The iteration involves the redesign and implementation of a task from the project control list, and the analysis of the current version of the system. The goal for the design and implementation of any iteration is to be simple, straightforward, and modular, supporting redesign at that stage or as a task added to the project control list. The level of design detail is not dictated by the interactive approach. In a light-weight iterative project the code may represent the major source of documentation of the system; however, in a mission-critical iterative project a formal Software Design Document may be used. The analysis of an iteration is based upon user feedback, and the program analysis facilities available. It involves analysis of the structure, modularity, usability, reliability, efficiency, & achievement of goals. The project control list is modified in light of the analysis results.

V-Model

The V-model is a software development process which can be presumed to be the extension of the waterfall model. Instead of moving down in a linear way, the process steps are bent upwards after the coding phase, to form the typical V shape. The V-Model demonstrates the relationships between each phase of the development life cycle and its associated phase of testing. The V-model deploys a well-structured method in which each phase can be implemented by the detailed documentation of the previous phase. Testing activities like test designing start at the beginning of the project well before coding and therefore saves a huge amount of the project time.

The Phases of the V-model

The V-model consists of a number of phases. The Verification Phases are on the left hand side of the V, the Coding Phase is at the bottom of the V and the Validation Phases are on the right hand side of the V.

Verification Phases

Requirements analysis

In the Requirements analysis phase, the requirements of the proposed system are collected by analyzing the needs of the user(s). This phase is concerned about establishing what the ideal system has to perform. However it does not determine how the software will be designed or built. Usually, the users are interviewed and a document called the user requirements document is generated. The user requirements document will typically describe the system’s functional, physical, interface, performance, data, security requirements etc as expected by the user. It is one which the business analysts use to communicate their understanding of the system back to the users. The users carefully review this document as this document would serve as the guideline for the system designers in the system design phase. The user acceptance tests are designed in this phase.

System Design

Systems design is the phase where system engineers analyze and understand the business of the proposed system by studying the user requirements document. They figure out possibilities and techniques by which the user requirements can be implemented. If any of the requirements are not feasible, the user is informed of the issue. A resolution is found and the user requirement document is edited accordingly. The software specification document which serves as a blueprint for the development phase is generated. This document contains the general system organization, menu structures, data structures etc. It may also hold example business scenarios, sample windows, reports for the better understanding. Other technical documentation like entity diagrams, data dictionary will also be produced in this phase. The documents for system testing is prepared in this phase.

Architecture Design

The phase of the design of computer architecture and software architecture can also be referred to as high-level design. The baseline in selecting the architecture is that it should realize all which typically consists of the list of modules, brief functionality of each module, their interface relationships, dependencies, database tables, architecture diagrams, technology details etc. The integration testing design is carried out in this phase.

Module Design

The module design phase can also be referred to as low-level design. The designed system is broken up into smaller units or modules and each of them is explained so that the programmer can start coding directly. The low level design document or program specifications will contain a detailed functional logic of the module, in pseudocode:

• database tables, with all elements, including their type and size
• all interface details with complete API references
• all dependency issues
• error message listings
• complete input and outputs for a module.

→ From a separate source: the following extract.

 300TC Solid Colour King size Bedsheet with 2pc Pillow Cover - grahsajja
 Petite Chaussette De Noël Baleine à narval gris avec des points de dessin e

The unit test design is developed in this stage.

Validation Phases

Unit Testing

In the V-model of software development, unit testing implies the first stage of dynamic testing process. According to software development expert Barry Boehm, a fault discovered and corrected in the unit testing phase is more than a hundred times cheaper than if it is done after delivery to the customer. It involves analysis of the written code with the intention of eliminating errors. It also verifies that the codes are efficient and adheres to the adopted coding standards. Testing is usually white box. It is done using the Unit test design prepared during the module design phase. This may be carried out by software developers.

Integration Testing

In integration testing the separate modules will be tested together to expose faults in the interfaces and in the interaction between integrated components. Testing is usually black box as the code is not directly checked for errors.

System Testing

System testing will compare the system specifications against the actual system. The system test design is derived from the system design documents and is used in this phase. Sometimes system testing is automated using testing tools. Once all the modules are integrated several errors may arise. Testing done at this stage is called system testing.

User Acceptance Testing

Acceptance testing is the phase of testing used to determine whether a system satisfies the requirements specified in the requirements analysis phase. The acceptance test design is derived from the requirements document. The acceptance test phase is the phase used by the customer to determine whether to accept the system or not.

http://en.wikipedia.org/wiki/Software_development_process#Models
http://dictionary.babylon.com/process_model
http://keremkosaner.wordpress.com/category/process-modeling/
http://en.wikipedia.org/wiki/Waterfall_model
http://en.wikipedia.org/wiki/Agile_software_development
http://en.wikipedia.org/wiki/Iterative_and_incremental_development
http://en.wikipedia.org/wiki/V-Model_(software_development)

Interview a Systems Analyst and ask what skills and characteristics must a systems analyst develop in order to be more effective in any design modeling process.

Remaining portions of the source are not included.